Durante generaciones, el escándalo
había perseguido a los Jonas como un
espíritu vengador. A veces, Joseph Jonas
tenía la sensación de que el único sentido de la existencia de su familia era
proporcionar material para las murmuraciones de Honoria, Georgia. Aunque, hasta
la fecha, se había considerado inmune a la maldición.
Alumno sobresaliente en el
instituto, estrella local del equipo de baloncesto, ganador de una beca
universitaria y licenciado con honores, se había trasladado de la Facultad de Derecho a
Washington, donde no había tardado en darse a conocer como un, joven y pujante
hombre de Estado. Tenía dos bellos hijos frutos de un matrimonio con una mujer
distinguida de una vieja familia de Virginia y, en general, siempre se había
considerado feliz y realizado.
Joseph había
logrado esquivar el legado de su familia durante treinta y un años. Pero
acababa de descubrir, muy a su pesar, que ningún Jonas
podía rehuir indefinidamente el escándalo. Por fin estaba aprendiendo a
no hacer caso de los cotilleos, aunque nunca se había resignado a aceptarlos.
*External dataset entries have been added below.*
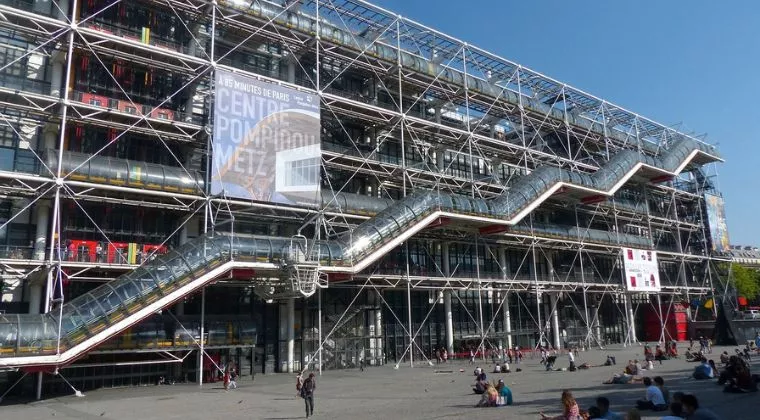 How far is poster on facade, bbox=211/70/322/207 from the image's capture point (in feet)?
80.4

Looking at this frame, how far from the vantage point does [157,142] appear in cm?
2569

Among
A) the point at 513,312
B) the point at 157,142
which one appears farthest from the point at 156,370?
the point at 513,312

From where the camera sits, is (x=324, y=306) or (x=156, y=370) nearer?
(x=156, y=370)

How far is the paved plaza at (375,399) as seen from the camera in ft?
45.6

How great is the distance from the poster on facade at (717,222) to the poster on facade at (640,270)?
38.0 feet

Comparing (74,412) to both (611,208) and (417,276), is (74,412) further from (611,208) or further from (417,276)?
(611,208)

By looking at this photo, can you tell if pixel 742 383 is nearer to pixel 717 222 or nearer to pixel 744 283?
pixel 717 222

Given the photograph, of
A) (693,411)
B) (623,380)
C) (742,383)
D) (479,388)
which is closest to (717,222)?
(623,380)

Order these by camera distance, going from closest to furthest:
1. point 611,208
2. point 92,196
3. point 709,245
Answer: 1. point 92,196
2. point 611,208
3. point 709,245

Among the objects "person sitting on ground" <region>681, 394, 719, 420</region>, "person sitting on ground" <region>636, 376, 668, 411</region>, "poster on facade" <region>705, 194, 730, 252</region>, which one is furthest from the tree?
"person sitting on ground" <region>681, 394, 719, 420</region>

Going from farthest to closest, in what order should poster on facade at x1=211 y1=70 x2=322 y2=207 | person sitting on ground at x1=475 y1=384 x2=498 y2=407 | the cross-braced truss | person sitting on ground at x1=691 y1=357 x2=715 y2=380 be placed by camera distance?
1. poster on facade at x1=211 y1=70 x2=322 y2=207
2. the cross-braced truss
3. person sitting on ground at x1=691 y1=357 x2=715 y2=380
4. person sitting on ground at x1=475 y1=384 x2=498 y2=407

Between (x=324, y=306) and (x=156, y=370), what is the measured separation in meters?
8.26

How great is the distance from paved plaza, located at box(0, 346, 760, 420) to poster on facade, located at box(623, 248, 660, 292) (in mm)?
15148

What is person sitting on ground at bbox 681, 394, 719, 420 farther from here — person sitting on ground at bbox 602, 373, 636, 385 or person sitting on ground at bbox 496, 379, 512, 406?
person sitting on ground at bbox 602, 373, 636, 385
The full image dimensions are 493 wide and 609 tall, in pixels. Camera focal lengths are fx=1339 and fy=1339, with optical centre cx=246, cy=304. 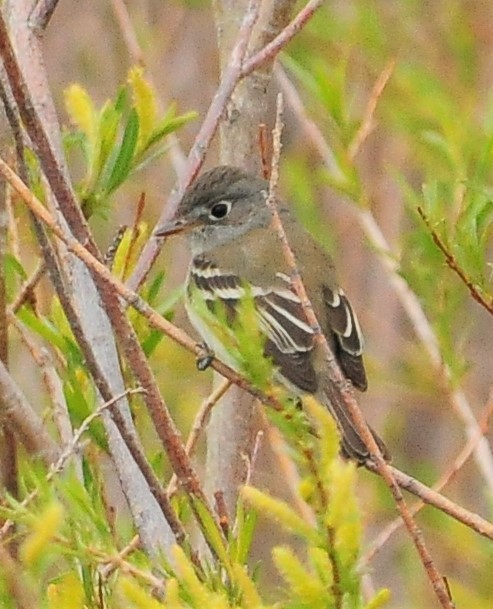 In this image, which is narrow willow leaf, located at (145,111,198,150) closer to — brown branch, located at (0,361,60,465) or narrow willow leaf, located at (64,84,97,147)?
narrow willow leaf, located at (64,84,97,147)

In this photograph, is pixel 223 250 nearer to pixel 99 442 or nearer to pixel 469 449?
pixel 469 449

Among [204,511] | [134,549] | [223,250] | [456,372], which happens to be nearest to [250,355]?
[204,511]

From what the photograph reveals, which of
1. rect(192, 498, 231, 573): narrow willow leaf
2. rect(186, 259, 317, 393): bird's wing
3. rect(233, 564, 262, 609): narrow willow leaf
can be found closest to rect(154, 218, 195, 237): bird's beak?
rect(186, 259, 317, 393): bird's wing

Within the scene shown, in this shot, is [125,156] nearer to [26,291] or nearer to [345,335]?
[26,291]

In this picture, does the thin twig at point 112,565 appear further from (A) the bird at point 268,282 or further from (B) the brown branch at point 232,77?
(A) the bird at point 268,282

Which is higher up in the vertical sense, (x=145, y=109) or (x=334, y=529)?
(x=145, y=109)

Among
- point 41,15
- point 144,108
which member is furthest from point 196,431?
point 41,15

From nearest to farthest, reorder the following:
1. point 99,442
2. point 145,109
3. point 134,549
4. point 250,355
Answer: point 250,355 → point 134,549 → point 99,442 → point 145,109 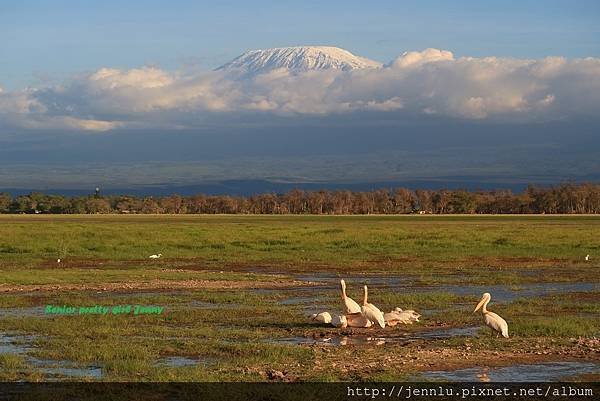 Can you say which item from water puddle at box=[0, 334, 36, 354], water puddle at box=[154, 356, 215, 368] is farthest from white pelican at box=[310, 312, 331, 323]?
water puddle at box=[0, 334, 36, 354]

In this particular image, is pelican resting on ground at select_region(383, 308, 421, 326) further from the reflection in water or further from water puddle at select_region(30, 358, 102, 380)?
water puddle at select_region(30, 358, 102, 380)

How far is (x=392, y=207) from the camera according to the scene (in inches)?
6978

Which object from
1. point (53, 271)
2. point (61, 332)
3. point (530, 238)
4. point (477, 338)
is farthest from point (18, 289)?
point (530, 238)

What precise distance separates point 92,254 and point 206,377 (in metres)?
31.0

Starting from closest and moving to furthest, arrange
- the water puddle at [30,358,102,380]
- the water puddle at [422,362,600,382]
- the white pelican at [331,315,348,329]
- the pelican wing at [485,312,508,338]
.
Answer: the water puddle at [422,362,600,382] → the water puddle at [30,358,102,380] → the pelican wing at [485,312,508,338] → the white pelican at [331,315,348,329]

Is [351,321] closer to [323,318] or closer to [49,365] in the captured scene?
[323,318]

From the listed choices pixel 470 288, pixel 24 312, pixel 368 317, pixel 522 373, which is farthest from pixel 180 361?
pixel 470 288

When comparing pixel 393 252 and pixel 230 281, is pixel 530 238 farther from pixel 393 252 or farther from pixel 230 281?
pixel 230 281

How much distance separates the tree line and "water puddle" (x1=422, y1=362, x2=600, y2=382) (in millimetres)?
155038

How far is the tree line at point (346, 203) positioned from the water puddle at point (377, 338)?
152 m

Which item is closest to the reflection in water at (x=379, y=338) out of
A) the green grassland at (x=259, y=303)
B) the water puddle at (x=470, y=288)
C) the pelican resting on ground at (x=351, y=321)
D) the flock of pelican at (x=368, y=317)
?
the green grassland at (x=259, y=303)

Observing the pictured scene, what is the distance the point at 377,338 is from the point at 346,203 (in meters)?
163

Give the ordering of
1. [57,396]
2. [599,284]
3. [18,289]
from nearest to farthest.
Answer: [57,396], [18,289], [599,284]

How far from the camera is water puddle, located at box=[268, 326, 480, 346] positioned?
672 inches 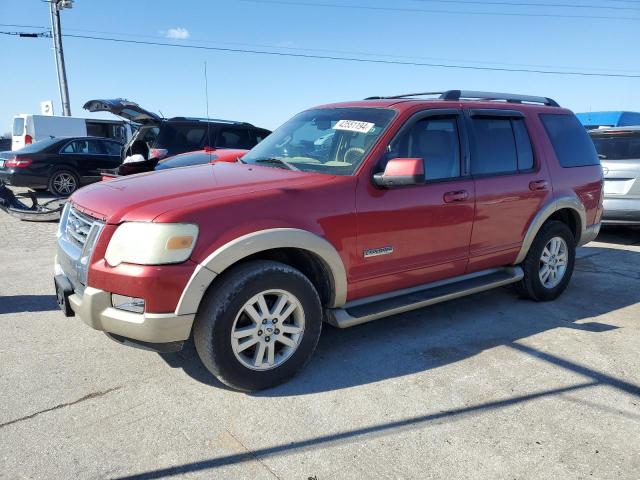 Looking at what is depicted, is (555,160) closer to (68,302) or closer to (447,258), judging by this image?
(447,258)

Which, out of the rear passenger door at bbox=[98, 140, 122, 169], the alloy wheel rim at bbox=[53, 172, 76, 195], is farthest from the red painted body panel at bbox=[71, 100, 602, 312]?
the rear passenger door at bbox=[98, 140, 122, 169]

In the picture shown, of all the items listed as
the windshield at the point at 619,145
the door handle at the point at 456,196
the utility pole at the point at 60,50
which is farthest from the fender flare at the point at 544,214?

Por el rabillo del ojo, vio que
Martha Godwin y Nellie Hankins lo estaban mirando mientras él empujaba un
carrito de la compra por el pasillo central. Sus bocas se movían rápidamente y Joseph no tenía la menor duda de que era él el
tema de conversación... aunque, a diferencia de los chismosos de Washington,
ellas no conocían los desagradables detalles de la muerte de su esposa un año
atrás.
—Vamos, Sam —dijo Joseph—. No te retrases.
Su hijo de cinco años se había
detenido a examinar una caja particularmente atractiva:
— ¿La compramos, papá?
—No creo que sea buena idea, hijo —
respondió Joseph, rechazando la caja de
cereales de chocolate—. Y ahora, venga, que Abbie tiene hambre.
—Yo también —Sam abandonó los
cereales y corrió tras su padre y su hermana—. Quiero un Diver menú. Esta
semana regalan coches de carrera.
Joseph
miró el carrito, repleto de alimentos nutritivos, y suspiró ante la petición
diaria de su hijo: una hamburguesa seca con patatas grasientas, acompañadas por
un juguete barato. Trataba de no ceder al capricho de su hijo más de dos veces
al mes.
—Esta noche no, Sam.
Desde su sitio en el carrito de la
compra, Abbie balbuceó algo incomprensible. Joseph
sonrió distraídamente hacia su hija, de catorce meses, y rebasó a las mujeres
cotillas, con la esperanza de que se conformaran con hablar de él, pero no con
él. Tal vez, si fingía no verlas...
—Joseph,
cariño.
Habría soltado una palabrota si su
hijo no hubiera estado delante. Resignado a iniciar una conversación, se dio
media vuelta.
—Buenas tardes, señora Godwin —la
saludó Joseph sin sonreír.
Nellie Hankins se había esfumado.
Ningún miembro de los Hankins se dejaría ver cerca de un McBride... de resultas
de otro viejo escándalo.
Martha Godwin, bendecida con tanto
tacto como un tornado, se interpuso entre Joseph
y la cajera del supermercado.
— ¿Cómo te ha ido? Hace mucho que
no se te ve por aquí.
—He estado ocupado, señora Godwin.
Su rostro adoptó una expresión que Joseph detestaba, pero que había tenido que
soportar a menudo a lo largo del último ' año: compasión.
—Pobrecillo. Debe de ser muy
difícil para ti tratar de educar a estas dos criaturas tan adorables tú solo.
Sam apretó la cara contra la pierna
de su padre. Odiaba ser el centro de atención de desconocidos. Abbie balbuceó y
agitó un puño con energía.
— ¡Hola, preciosa! —dijo la señora
Godwin con voz de bobalicona.
Abbie soltó un eructo que resumía
el sentir de Joseph.
—Perdone, los chicos tienen hambre.
Adiós.
Empujó el carro de manera que la
obligó a echarse a un lado.
—Espero que hayas puesto en su
sitio a esa vieja arpía —comentó la cajera del supermercado con una
satisfacción que denotaba la frecuencia con que era víctima de las
murmuraciones de Martha.
Sin molestarse siquiera en
contestar, Joseph esperó con impaciencia a
escapar del supermercado y regresar a la maravillosa privacidad de su hogar.